# WHAT THIS TASK INVOLVES
From the entries that follow, copy exactly the lines beginning at the line holding "Cartoon-Piraten und Korsair-Charaktere" and continuing through the line holding "Trenery - Cotton".

*** Opening of MATERIAL FOR THE TASK ***

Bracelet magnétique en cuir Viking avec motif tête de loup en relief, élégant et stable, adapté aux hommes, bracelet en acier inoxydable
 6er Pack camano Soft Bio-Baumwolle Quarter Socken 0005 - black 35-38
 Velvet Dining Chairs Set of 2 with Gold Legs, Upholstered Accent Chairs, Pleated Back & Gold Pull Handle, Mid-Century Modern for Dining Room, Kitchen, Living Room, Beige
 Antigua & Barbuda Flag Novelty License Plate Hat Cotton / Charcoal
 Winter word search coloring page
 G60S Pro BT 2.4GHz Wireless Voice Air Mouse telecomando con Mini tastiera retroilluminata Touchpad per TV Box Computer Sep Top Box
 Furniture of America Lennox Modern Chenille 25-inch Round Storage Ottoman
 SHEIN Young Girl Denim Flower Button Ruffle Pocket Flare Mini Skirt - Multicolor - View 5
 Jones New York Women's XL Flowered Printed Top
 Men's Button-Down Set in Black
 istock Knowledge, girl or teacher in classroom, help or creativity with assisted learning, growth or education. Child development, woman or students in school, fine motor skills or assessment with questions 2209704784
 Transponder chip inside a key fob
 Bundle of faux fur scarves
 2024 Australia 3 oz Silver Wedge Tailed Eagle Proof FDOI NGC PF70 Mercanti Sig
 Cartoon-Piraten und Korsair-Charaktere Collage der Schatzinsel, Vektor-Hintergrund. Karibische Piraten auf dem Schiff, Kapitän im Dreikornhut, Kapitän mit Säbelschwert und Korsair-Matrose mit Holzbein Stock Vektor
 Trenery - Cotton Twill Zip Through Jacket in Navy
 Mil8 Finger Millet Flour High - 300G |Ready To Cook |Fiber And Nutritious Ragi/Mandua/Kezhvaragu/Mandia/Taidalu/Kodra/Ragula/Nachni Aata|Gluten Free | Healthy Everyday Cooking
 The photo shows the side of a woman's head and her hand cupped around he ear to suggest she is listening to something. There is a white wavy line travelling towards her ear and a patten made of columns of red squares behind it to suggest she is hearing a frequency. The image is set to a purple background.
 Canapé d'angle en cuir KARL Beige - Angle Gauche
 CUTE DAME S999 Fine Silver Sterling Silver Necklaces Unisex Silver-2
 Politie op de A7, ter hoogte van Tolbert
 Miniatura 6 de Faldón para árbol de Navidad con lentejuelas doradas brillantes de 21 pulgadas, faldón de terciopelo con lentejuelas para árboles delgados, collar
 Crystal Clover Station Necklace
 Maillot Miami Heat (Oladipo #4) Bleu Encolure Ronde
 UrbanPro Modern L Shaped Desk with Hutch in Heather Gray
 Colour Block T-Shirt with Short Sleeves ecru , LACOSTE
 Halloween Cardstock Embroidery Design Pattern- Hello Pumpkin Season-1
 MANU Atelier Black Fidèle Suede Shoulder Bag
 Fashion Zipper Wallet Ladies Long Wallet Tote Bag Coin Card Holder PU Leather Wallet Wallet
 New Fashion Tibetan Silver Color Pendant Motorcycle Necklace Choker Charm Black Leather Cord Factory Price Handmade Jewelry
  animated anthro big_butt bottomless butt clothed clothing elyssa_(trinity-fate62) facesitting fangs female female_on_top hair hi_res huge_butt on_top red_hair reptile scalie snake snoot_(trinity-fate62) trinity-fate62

*** Close of MATERIAL FOR THE TASK ***

# RESPONSE TO THE TASK
 Cartoon-Piraten und Korsair-Charaktere Collage der Schatzinsel, Vektor-Hintergrund. Karibische Piraten auf dem Schiff, Kapitän im Dreikornhut, Kapitän mit Säbelschwert und Korsair-Matrose mit Holzbein Stock Vektor
 Trenery - Cotton Twill Zip Through Jacket in Navy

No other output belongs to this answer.